- _Directions_
Take the data below and extract the lines from the one with "2009 Nissan Altima - Image 10" to the one with "Used Mercedes-Benz A-Class", inclusive, exactly as written.

- _Record extracts_
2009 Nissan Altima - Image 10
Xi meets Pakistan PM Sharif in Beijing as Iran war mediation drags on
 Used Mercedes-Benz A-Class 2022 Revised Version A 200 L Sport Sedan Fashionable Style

==

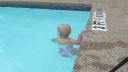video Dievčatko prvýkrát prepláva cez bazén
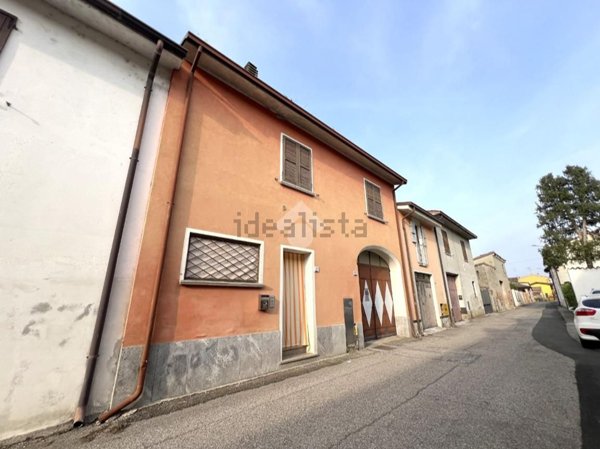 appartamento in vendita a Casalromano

---

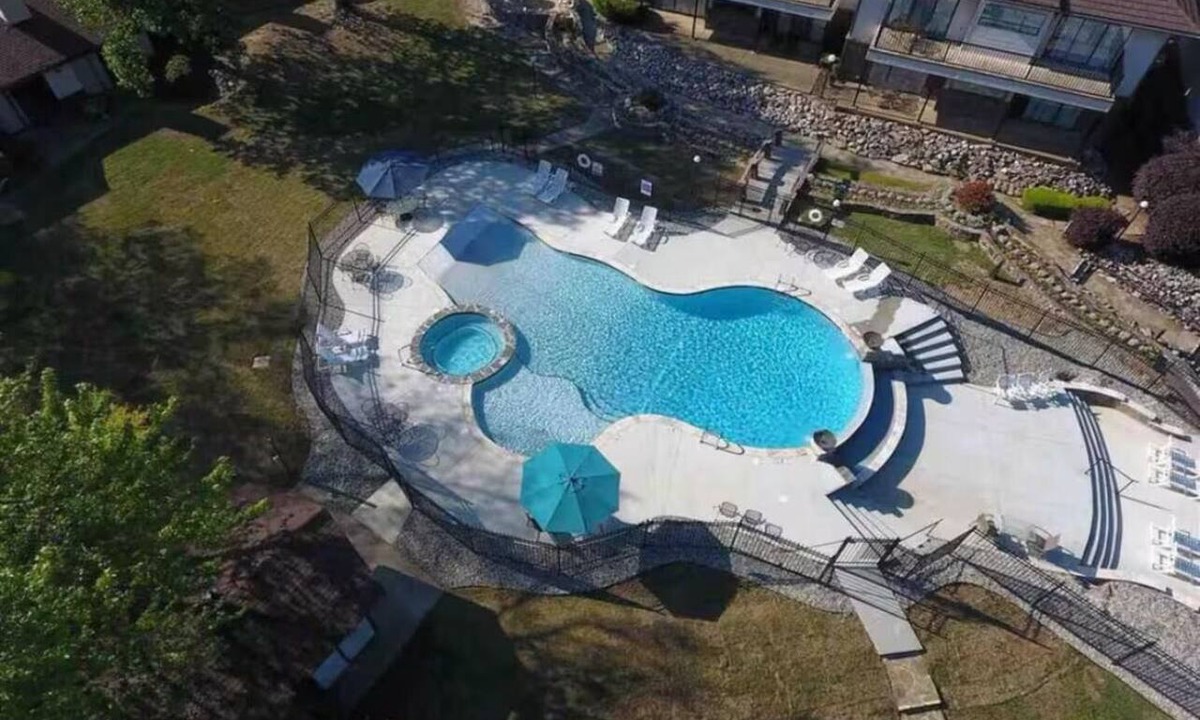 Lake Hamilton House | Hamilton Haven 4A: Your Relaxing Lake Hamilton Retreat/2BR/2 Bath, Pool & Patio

- _Your solution_
2009 Nissan Altima - Image 10
Xi meets Pakistan PM Sharif in Beijing as Iran war mediation drags on
 Used Mercedes-Benz A-Class 2022 Revised Version A 200 L Sport Sedan Fashionable Style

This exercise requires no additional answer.